Temple of Olympian Zeus
Located right at the centre of Athens, the Temple of Olympian Zeus is one of the most stunning temples with a totally unblocked view of the Acropolis shining at the top of its back. Picture-perfect and insta-famous, visitors are always crazy in capturing a flawless shot of this temple ruin with the Parthenon seated across at the top of the hill diagonally. Taking a duration exceeding 700 years to construct, the Temple of Olympian Zeus was immense and detailed. Originally supported by 105 Corinthian columns, to date, the temple is only left with 15 columns, each with a height of 17 meters tall. To escape the crowd, head there early in the morning. I’m sure you’ll snap some great shots for memories.
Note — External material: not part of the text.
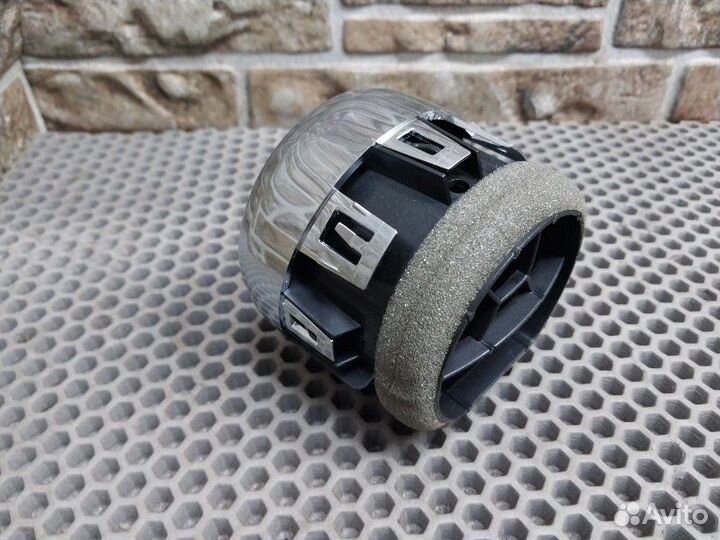 Дефлектор воздушный передний Ford Mustang S550 5.0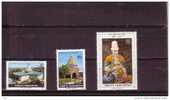 TURQUIE.1970. YVERT N°1961-1963.HACI BEKTAS VELI - Unused Stamps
Also known as the triumphal arch, Hadrian’s arch marks the line between the ancient Athens and Hadrian’s ‘new’ Athens city. The arch was built in 131 B.C. as a symbol of celebration in accordance to the Roman Emperor Hadrian’s arrival to Athens and to thank him for his benefactions for the city. Symmetrical in design and crowned by pilasters of Corinthian rhythm, the arch is constructed of Pentelic marble and its architecture shares a resemblance to the Roman arches.
Named after the Greek philanthropist Evangelos Zappas, this exhibition hall was built for the purpose of hosting the exposition of the first modern day olympics event held at the olympic stadium nearby. Zappas had dedicated all his wealth to help revive the Greek culture, heritage and traditions and to showcase them to the world. The colonnades of this building are impressive as they were built to reflect upon Greek neo-classical architecture and engineering. This building is still used as an exhibition centre today.
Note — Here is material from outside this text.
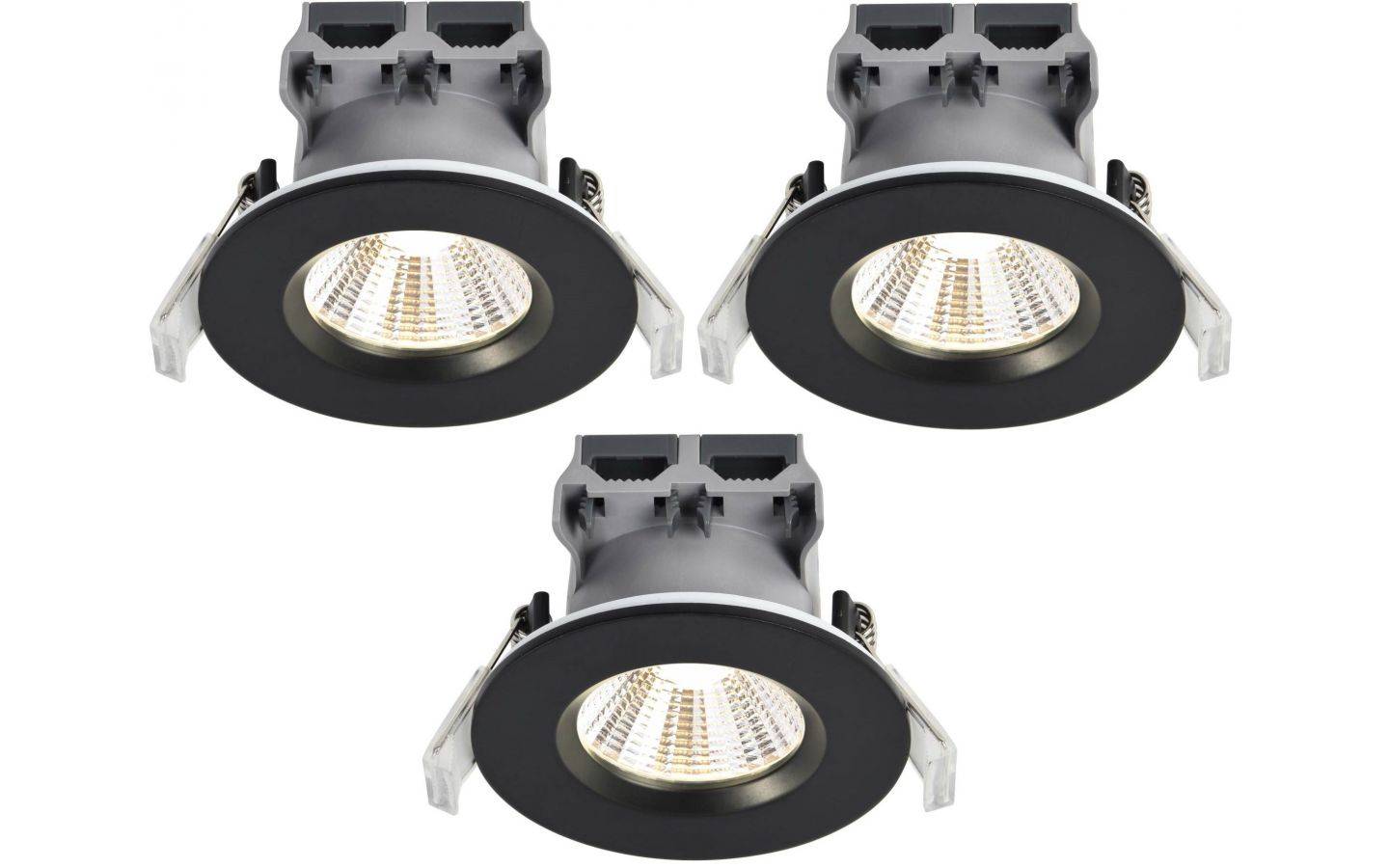 Fremont 3-Kit IP65 4000K Downlight Svart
The greatest philosopher, historian and scientist of his time, Aristotle, the former student of Plato, returned to Athens to open his own school (or Lyceum) here after having tutored Alexander the Great at Macedon. It was after Aristotle’s mentoring and teaching that led Alexander to conquest against Greek’s old nemesis, the Persian empire. The Greek empire under Alexander spread far and wide all the way to Afghanistan, India and Egypt. Aristotle’s fame had also spread far and beyond bringing scholars from all over the world to come to study under him. Among the studies conducted at this school was horticulture bearing evidence of plants from all over the world being adapted and planted here.
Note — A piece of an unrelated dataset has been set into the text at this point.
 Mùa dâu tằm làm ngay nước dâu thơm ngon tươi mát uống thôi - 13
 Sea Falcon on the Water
Translated literally as Constitution Square, this square in front of the old palace was where the first king of Greece, King Otto, was pressured to fulfil his promise of enacting the constitution for the people. Today, the old palace is now used as the parliament but this square has not changed its political importance. When austerity measures were announced during the Greek debt crisis, its people demonstrated here for days until a new unity government was formed. This square is situated at the end of the Ermou Street shopping belt. The Tomb of the Unknown Soldier lies beneath the parliament guarded ceremoniously by the Greek Evzones Presidential Guards. You can catch the change of guard ceremony daily in the early morning or evening.
This three day itinerary only covers the top recommended sites for the convenience of travellers who have limited time and days in Athens. Athens has way more archeological sites and museums to visit and experience but should be enjoyed at a leisurely pace as there are thousands of years of history and artefacts to indulge on.